A dear friend, who lives close by, invited me to come and pick mulberries. Her tree is enormous and it is loaded with sweet berries this year! I came home with about a gallon of berries. I decided to make jam, and looked in my cookbooks, but couldn't find a recipe. I looked online and the information I found was all so contradictory that I decided to make up my own recipe from what I had read. So, here goes...
Mulberry Jam
Before you begin, gather your jars, lids, rings, cloth for wiping jar rims. Wash the jars and have them sitting on a cookie sheet in a 225 F oven. Pour boiling water over your lids and let them sit until you are ready to use them. Then...
1. Pour berries into a colander and rinse well and let drain.
2. Spread the berries out on some sort of tray and check for stowaways (i.e. bugs)
3. Quickly crush the berries in a food processor. You can use a potato masher, but the processor works much better.
4. Measure the crushed berries. In my batch, I used 8 cups.
5. For each cup of crushed mulberries, add 1 cup of sugar. It took 4 pounds of sugar for my batch.
6. Add 1/4 cup lemon juice and 1/4 teaspoon of freshly ground nutmeg (for this amount of berries.)
7. Stir and bring to a boil and simmer until the mixture reaches 220 degrees F on a candy thermometer.
8. Skim off the "foam" that rises to the surface as best you can before it is fully cooked.

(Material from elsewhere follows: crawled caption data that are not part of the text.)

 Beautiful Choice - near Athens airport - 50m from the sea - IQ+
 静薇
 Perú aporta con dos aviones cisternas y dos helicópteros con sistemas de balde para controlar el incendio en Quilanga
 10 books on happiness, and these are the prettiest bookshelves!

9. Ladle into sterilized jars leaving 1/8 to 1/4 inch head space. Carefully wipe the jar rims. Put on the lids and rings and tighten finger tight.

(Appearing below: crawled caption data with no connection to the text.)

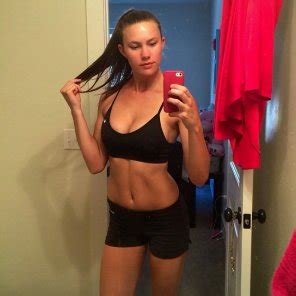 Fit Tummy Porn Pic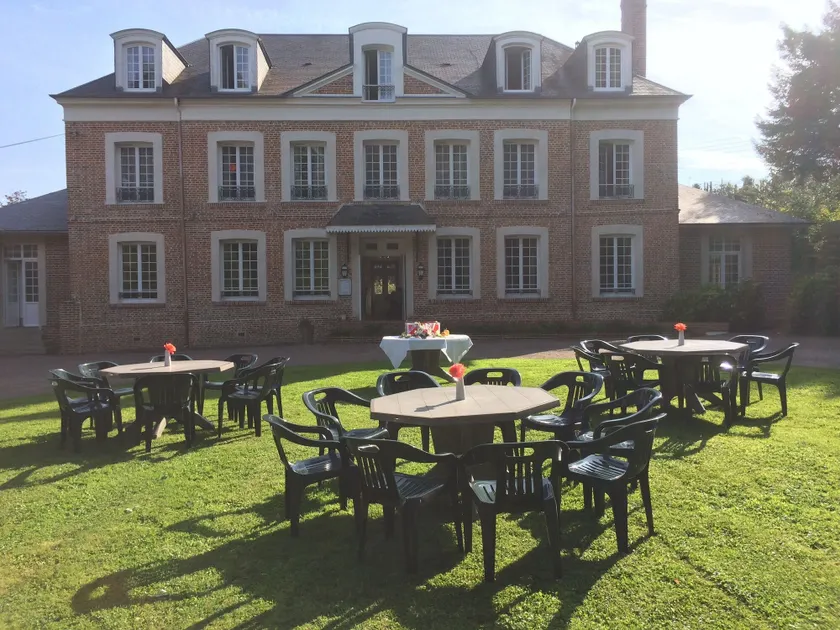Hotel Les Champs - Image 1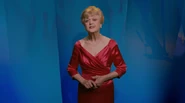 Fantasia-disneyscreencaps.com-7059.jpg (19 kB) Lansbury en Fantasía 2000.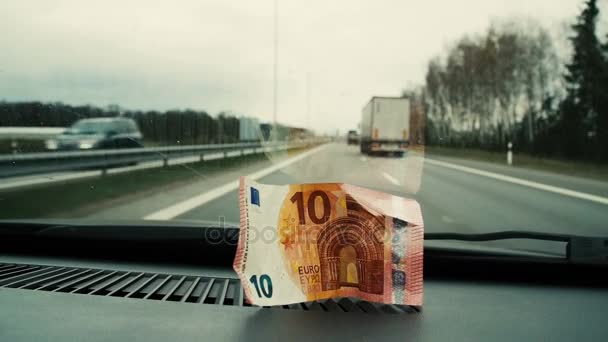 Tien euro in de auto aan het front glas geplaatst. Close-up — Stockvideo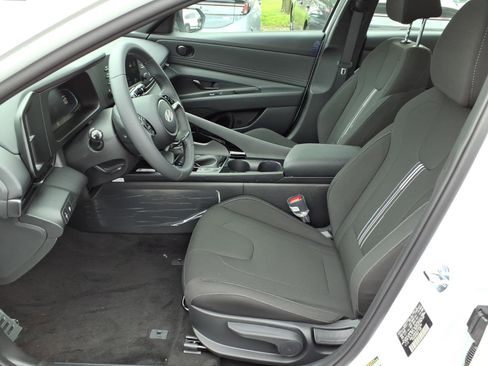 New 2026 Hyundai Elantra SEL Sport Premium FWD image 4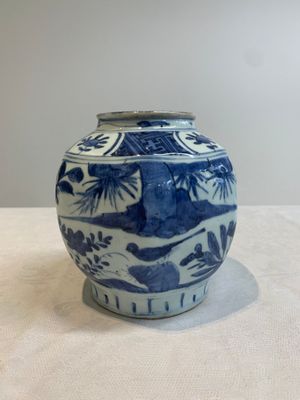 A pair of Chinese blue and white 'birds among blossoming branches' jars, Wanli — photo 12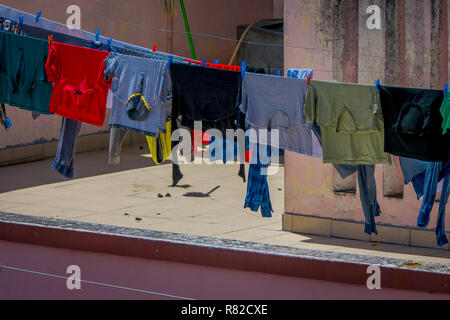 OTAVALO, Ecuador, November 06, 2018: im Blick auf die Kleidung trocknen in der Sonne in Otavalo. Stockfoto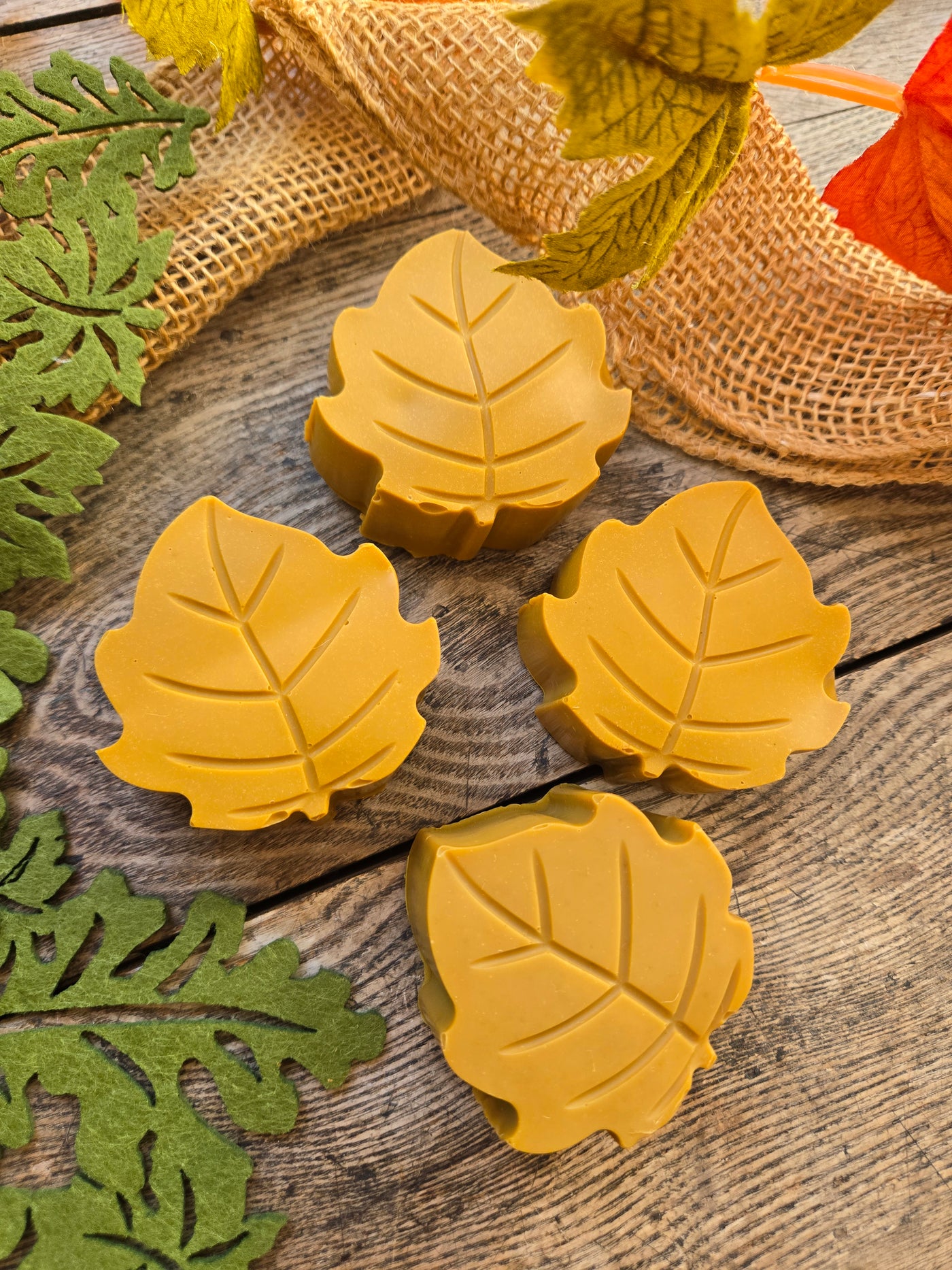 Feuille d'automne jaune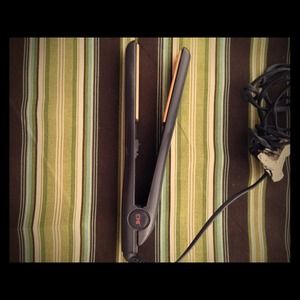 💜Price Reduced💜 CHI flat iron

10. Turn the filled jars upside-down and leave them like that for 2 minutes.
11. Turn them right side up and allow to cool. That's it!
I know this is not the approved method... that is, I didn't process in a water bath canner. My experience has been that if I work quickly, and have everything sterile, my jam does not get moldy. It really is delicious, and mulberries are
incredibly nutritious, being rich in vitamins, minerals and the important phyto-nutrients.